• [Information shown]
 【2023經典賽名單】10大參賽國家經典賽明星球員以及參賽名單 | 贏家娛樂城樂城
--
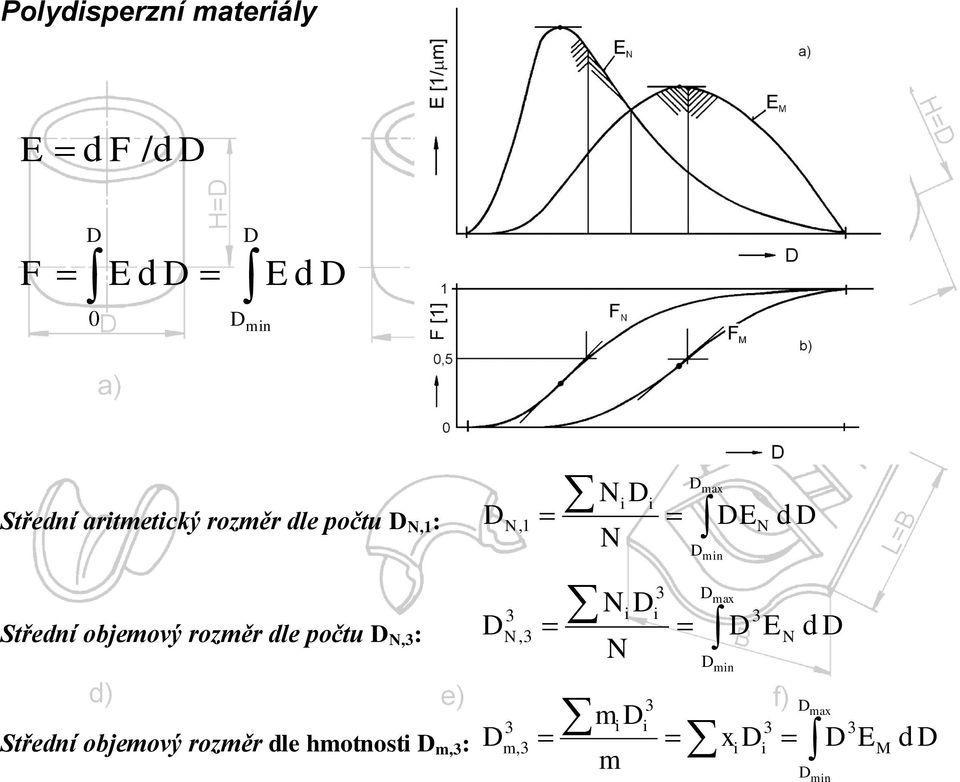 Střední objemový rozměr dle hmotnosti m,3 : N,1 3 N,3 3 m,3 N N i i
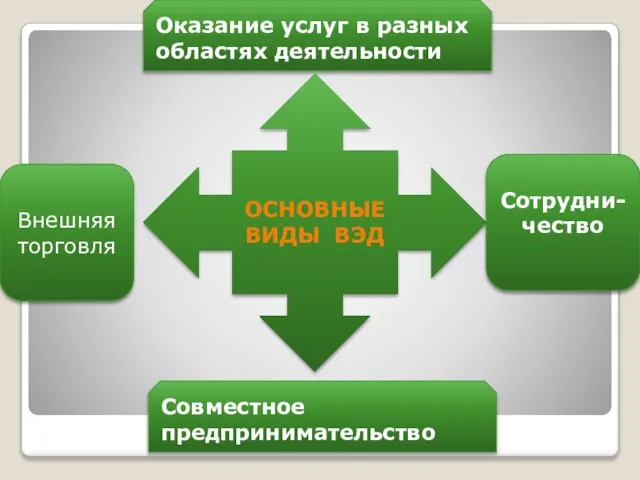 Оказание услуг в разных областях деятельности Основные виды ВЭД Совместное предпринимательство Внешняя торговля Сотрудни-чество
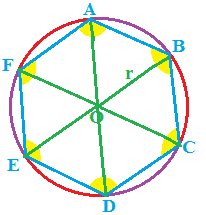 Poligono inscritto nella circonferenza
* * *
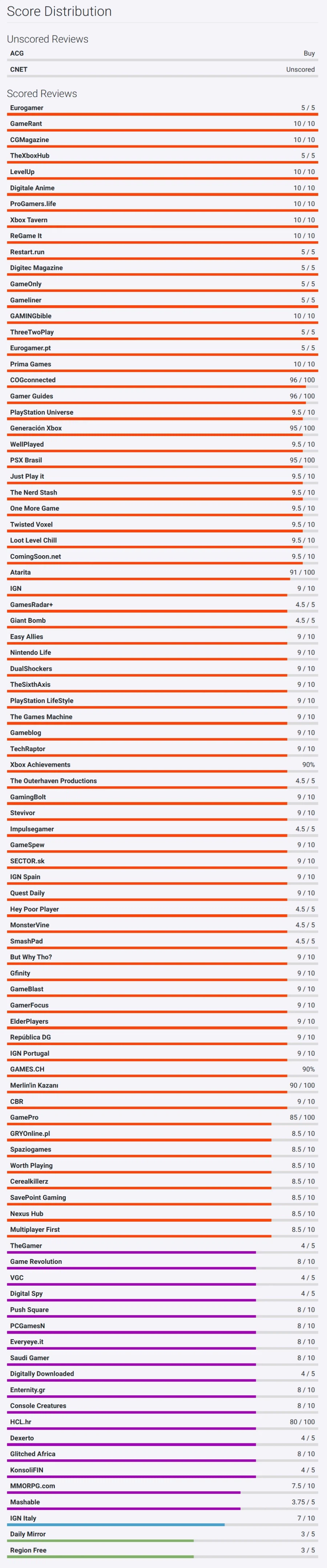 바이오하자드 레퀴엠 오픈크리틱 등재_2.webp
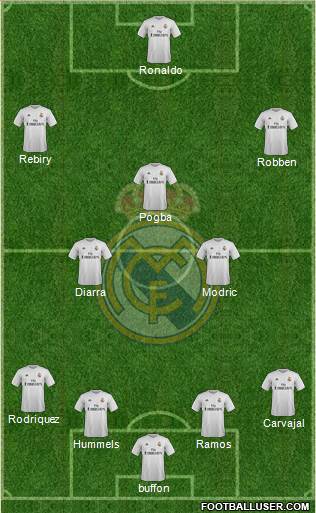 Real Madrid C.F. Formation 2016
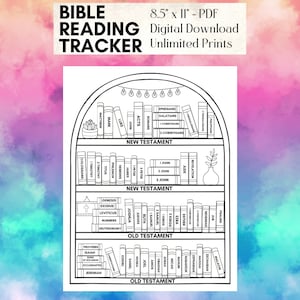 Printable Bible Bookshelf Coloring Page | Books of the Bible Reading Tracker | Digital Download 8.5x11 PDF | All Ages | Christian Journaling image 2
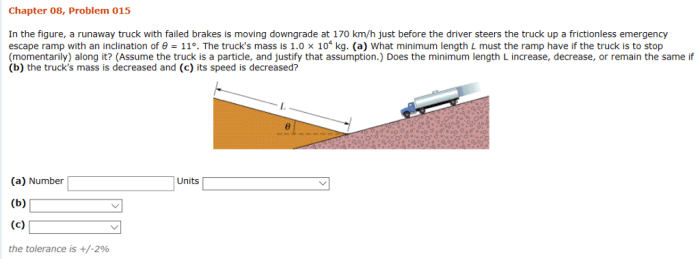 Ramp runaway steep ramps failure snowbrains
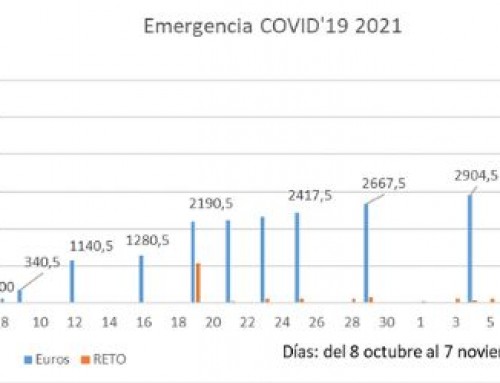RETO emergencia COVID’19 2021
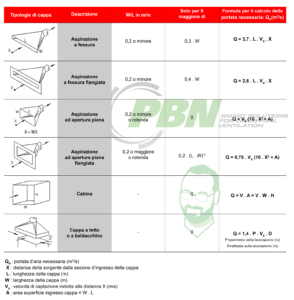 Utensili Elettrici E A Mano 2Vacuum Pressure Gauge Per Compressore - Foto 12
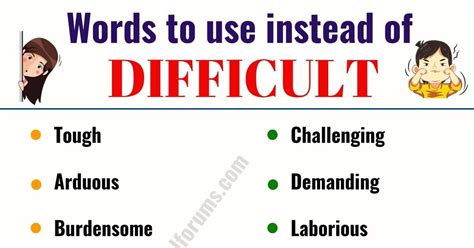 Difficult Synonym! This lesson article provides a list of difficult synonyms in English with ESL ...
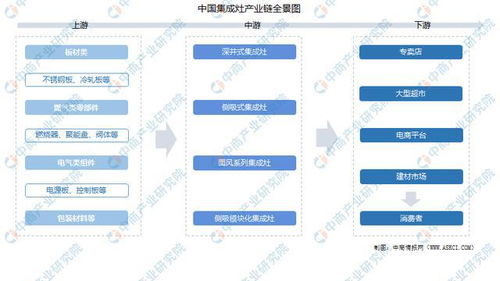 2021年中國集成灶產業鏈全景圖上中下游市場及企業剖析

• [Work order] Take the material above and output only the lines from the one that contains "RETO emergencia COVID’19 2021" through the one that contains "2021年中國集成灶產業鏈全景圖上中下游市場及企業剖析", ends included and images left out.

• [Result of this task]
RETO emergencia COVID’19 2021
 Utensili Elettrici E A Mano 2Vacuum Pressure Gauge Per Compressore - Foto 12
 Difficult Synonym! This lesson article provides a list of difficult synonyms in English with ESL ...
 2021年中國集成灶產業鏈全景圖上中下游市場及企業剖析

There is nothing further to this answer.